***** Available records
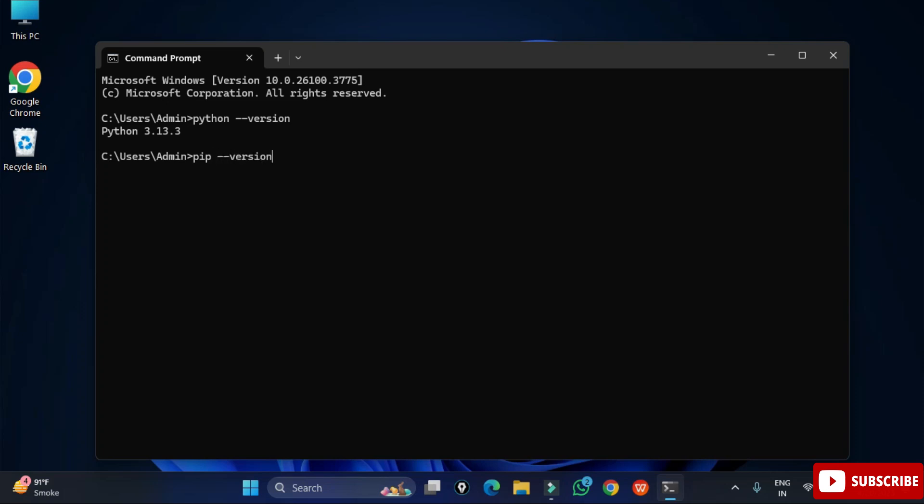I am typing one more command pip list just to show you what libraries I already have on my system. You can see the libraries which are installed on my system.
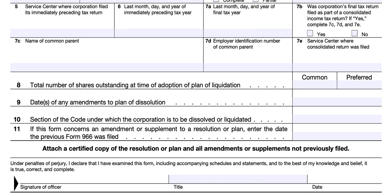Attach a certified copy of the resolution or plan and all other amendments and supplements not previously filed. The signature line requires the signature of an officer authorized by the corporation. The return must be signed by either the president, vice president, treasurer, assistant treasurer, chief accounting officer, or another authorized corporate officer. If filed on behalf of a corporation by a receiver, trustee, or assignee, the fiduciary must sign the return instead of the corporate officer. The signature is followed by the title and the date.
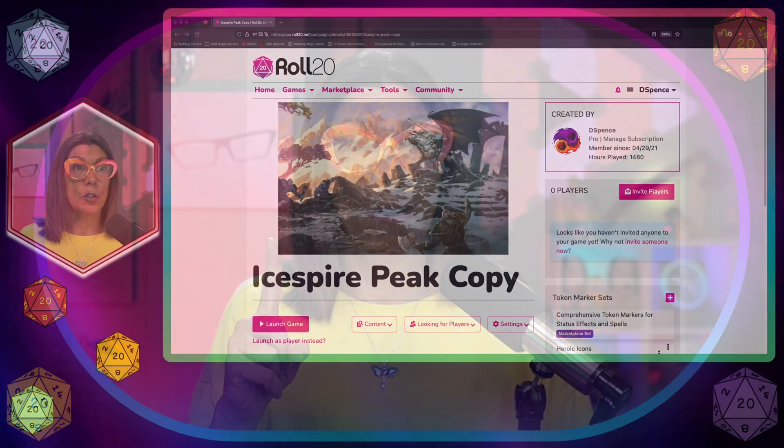Do you have a druid at your table who goes ape for Wild Shape? Well, if that's you, you're going to want to stay tuned to watch this special Roll20 how-to using the API script called D&D 5e Wild Shape.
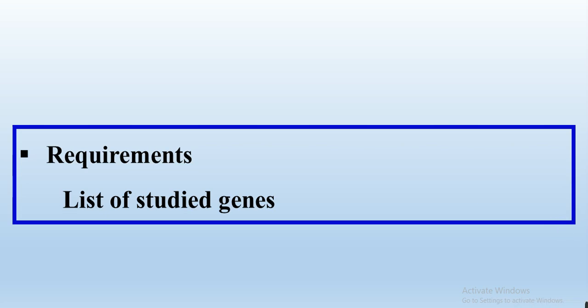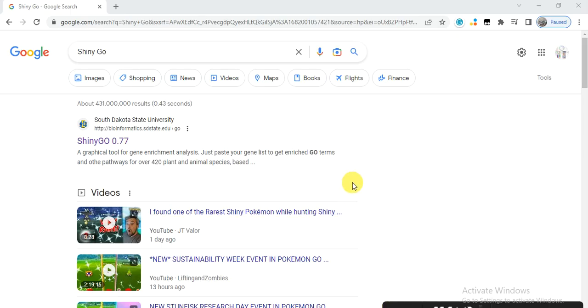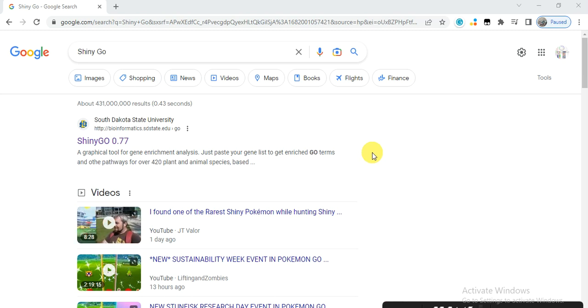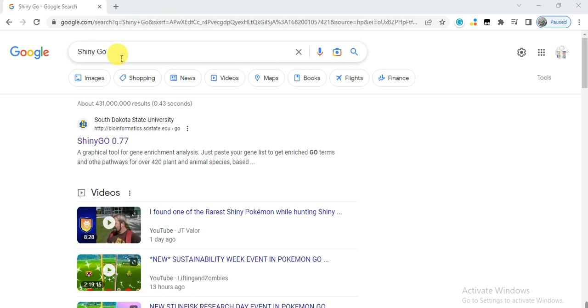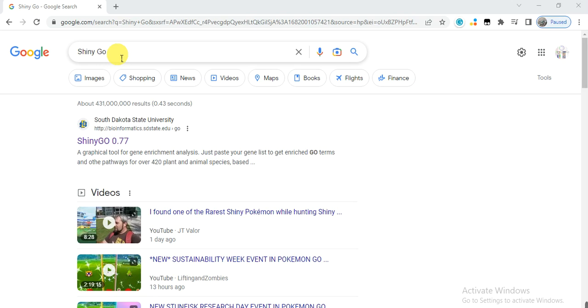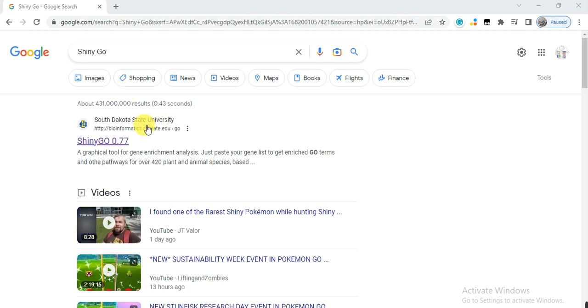How to do this? Let's start. Go to Google or any search engine, and in the search bar write ShinyGO. It is the name of that online tool.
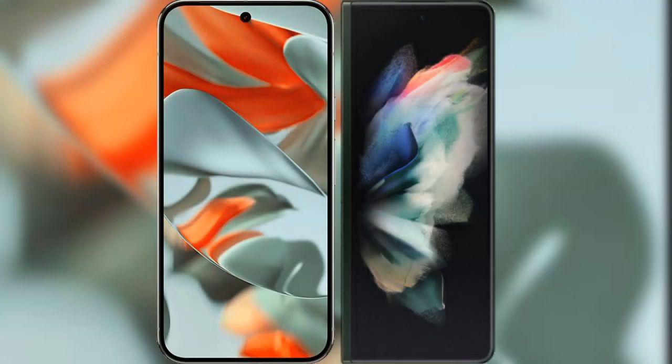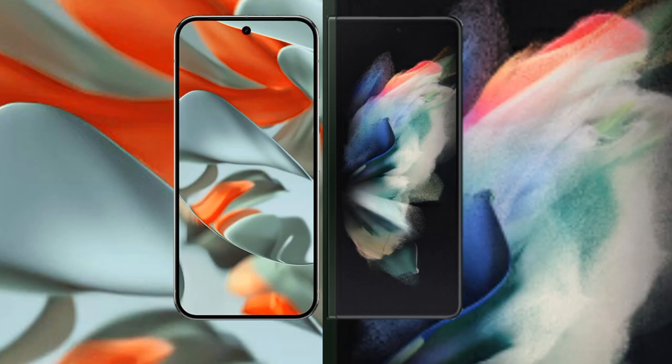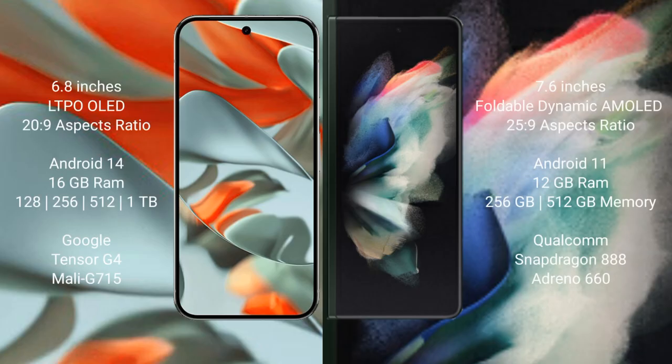I will compare the new Google Pixel 9 Pro XL with Samsung Galaxy Z Fold 3. Google Pixel 9 Pro XL has a 6.8-inch LTPO OLED display with a 20:9 aspect ratio. Samsung Galaxy Z Fold 3 has a 7.6-inch foldable Dynamic AMOLED display with a 25:9 aspect ratio.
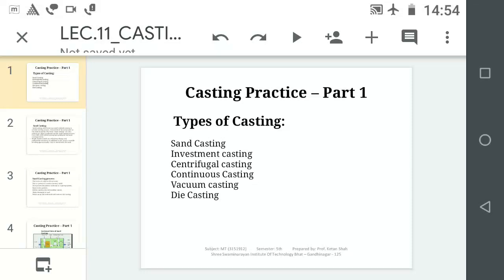Hello friends, today we will discuss Casting Practices. In my last lecture we discussed different moulding practices. Now today we will see the different types of Casting Practices.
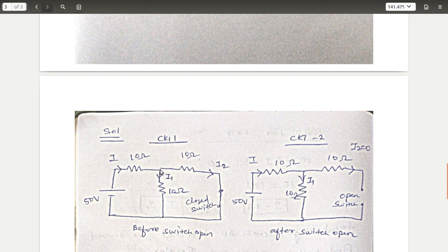There are two currents I1 and I2. If you have a switch, you can use I1 and I2.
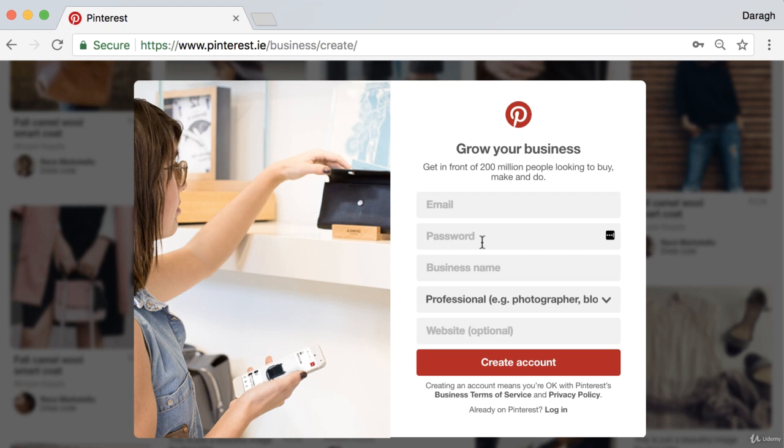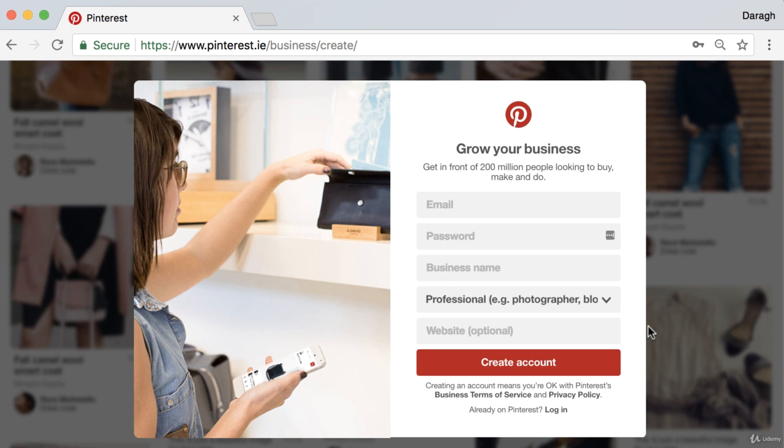You can put in your business name or set up a Pinterest profile for your personal brand. If you already have a personal Pinterest account and want to use it as a personal brand, instead of setting up a new profile, go into your Pinterest profile and in settings convert it to a business profile.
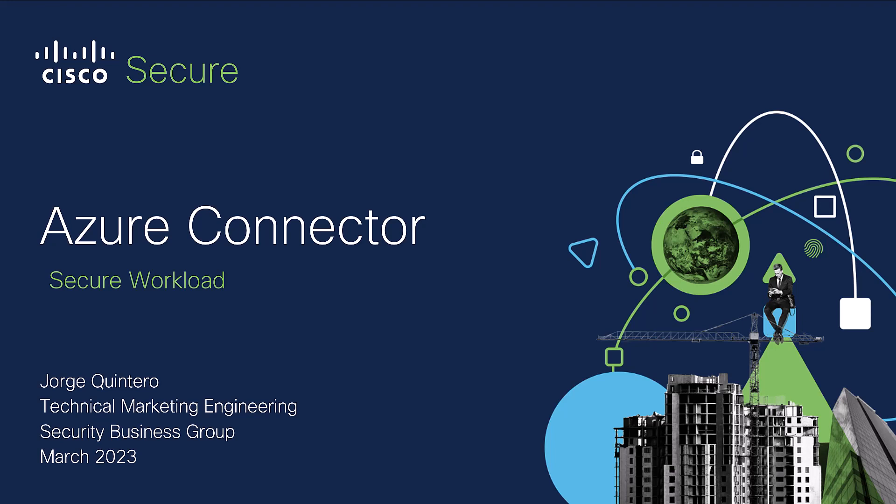Hello everyone, my name is Jorge Quintero and in this demo we will cover how to leverage the Azure Connector in Secure Workload to protect your cloud workloads.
**********
Task description => With the pictures left aside, set down each entry above exactly as it stands.

Answer to the exercise =>
I am typing one more command pip list just to show you what libraries I already have on my system. You can see the libraries which are installed on my system.
Attach a certified copy of the resolution or plan and all other amendments and supplements not previously filed. The signature line requires the signature of an officer authorized by the corporation. The return must be signed by either the president, vice president, treasurer, assistant treasurer, chief accounting officer, or another authorized corporate officer. If filed on behalf of a corporation by a receiver, trustee, or assignee, the fiduciary must sign the return instead of the corporate officer. The signature is followed by the title and the date.
Do you have a druid at your table who goes ape for Wild Shape? Well, if that's you, you're going to want to stay tuned to watch this special Roll20 how-to using the API script called D&D 5e Wild Shape.
How to do this? Let's start. Go to Google or any search engine, and in the search bar write ShinyGO. It is the name of that online tool.
I will compare the new Google Pixel 9 Pro XL with Samsung Galaxy Z Fold 3. Google Pixel 9 Pro XL has a 6.8-inch LTPO OLED display with a 20:9 aspect ratio. Samsung Galaxy Z Fold 3 has a 7.6-inch foldable Dynamic AMOLED display with a 25:9 aspect ratio.
Hello friends, today we will discuss Casting Practices. In my last lecture we discussed different moulding practices. Now today we will see the different types of Casting Practices.
There are two currents I1 and I2. If you have a switch, you can use I1 and I2.
You can put in your business name or set up a Pinterest profile for your personal brand. If you already have a personal Pinterest account and want to use it as a personal brand, instead of setting up a new profile, go into your Pinterest profile and in settings convert it to a business profile.
Hello everyone, my name is Jorge Quintero and in this demo we will cover how to leverage the Azure Connector in Secure Workload to protect your cloud workloads.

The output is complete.